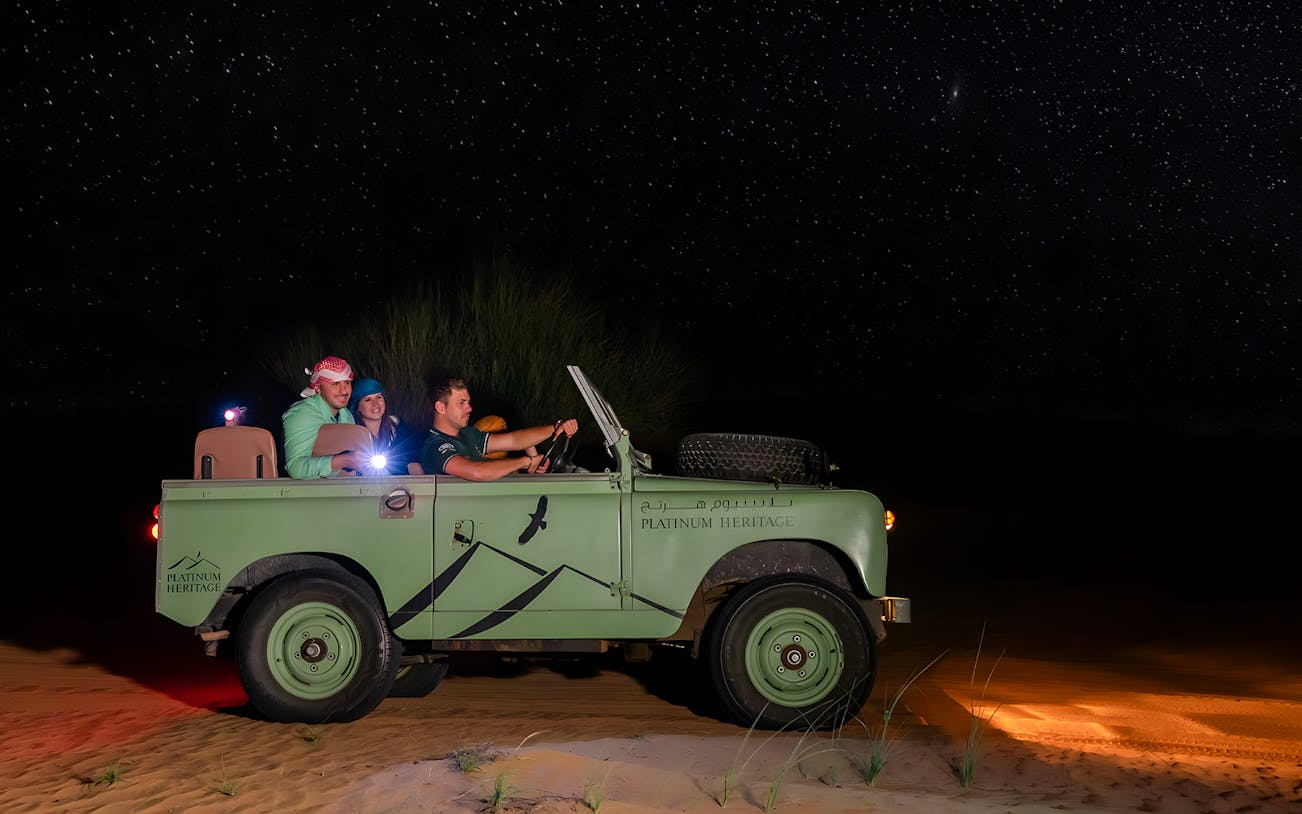 Vintage jeep on a desert night safari under a starry sky.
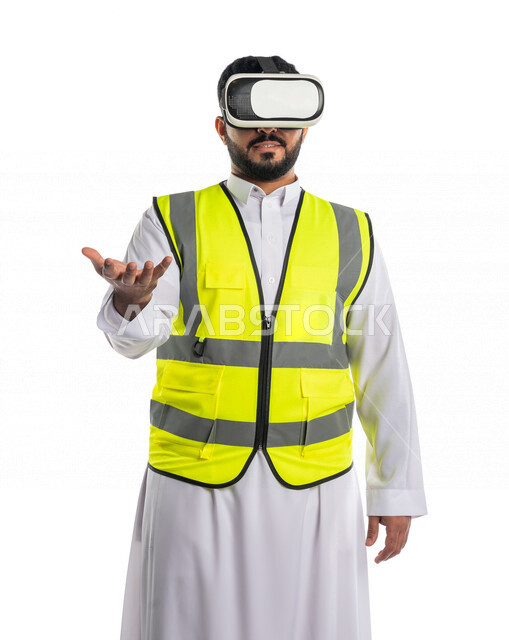 بورتريه لمهندس عربي خليجي سعودي يرتدي سترة خاصة بالعمل و نظارة الواقع الافتراضي ،يحمل عنصر فوق يده، استخدام  تقنية الواقع الافتراضي في الهندسة المعمارية ، خلفية بيضاء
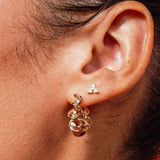 Model wearing Zara Twisted Hoops by IGGI Jewellery – 18k gold-filled twisted design hoop earrings.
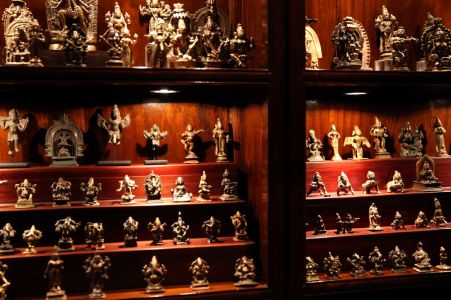 A collection of 9th – 19th C. Indian Pilgrimage Bronzes displayed on custom made stepped bookcase inserts illustrates the importance of furniture in collection display; PRIMITIVE 4th Floor; December 2016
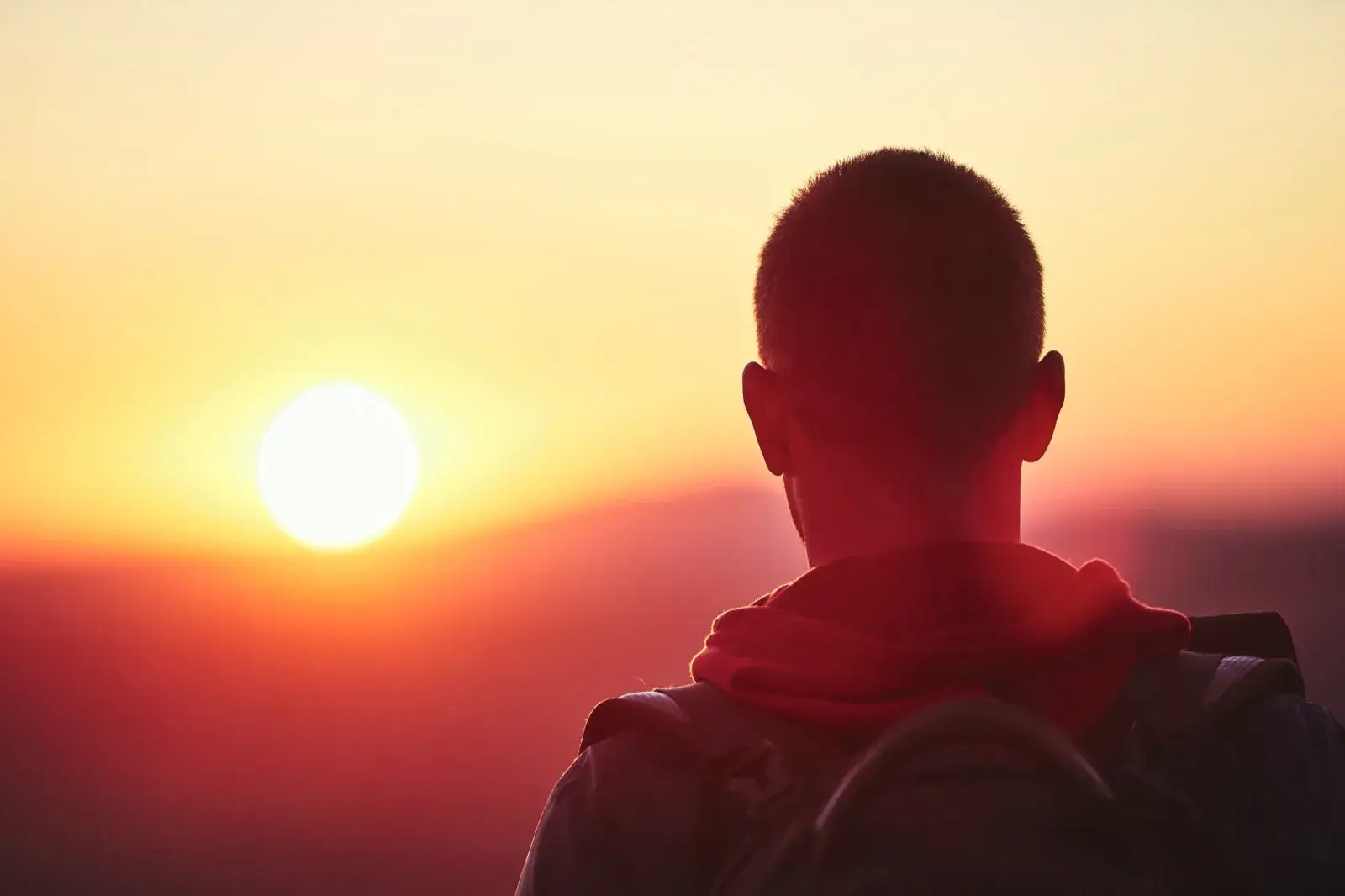 Man facing a mountain range at sunset, symbolizing a fresh start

◇ ◇ ◇ ◇ ◇

• [Task description] The range to print runs from the line with "بورتريه لمهندس عربي" through the last line of the entries, both included; keep it exact and skip the pictures.

• [Answer section]
 بورتريه لمهندس عربي خليجي سعودي يرتدي سترة خاصة بالعمل و نظارة الواقع الافتراضي ،يحمل عنصر فوق يده، استخدام  تقنية الواقع الافتراضي في الهندسة المعمارية ، خلفية بيضاء
 Model wearing Zara Twisted Hoops by IGGI Jewellery – 18k gold-filled twisted design hoop earrings.
 A collection of 9th – 19th C. Indian Pilgrimage Bronzes displayed on custom made stepped bookcase inserts illustrates the importance of furniture in collection display; PRIMITIVE 4th Floor; December 2016
 Man facing a mountain range at sunset, symbolizing a fresh start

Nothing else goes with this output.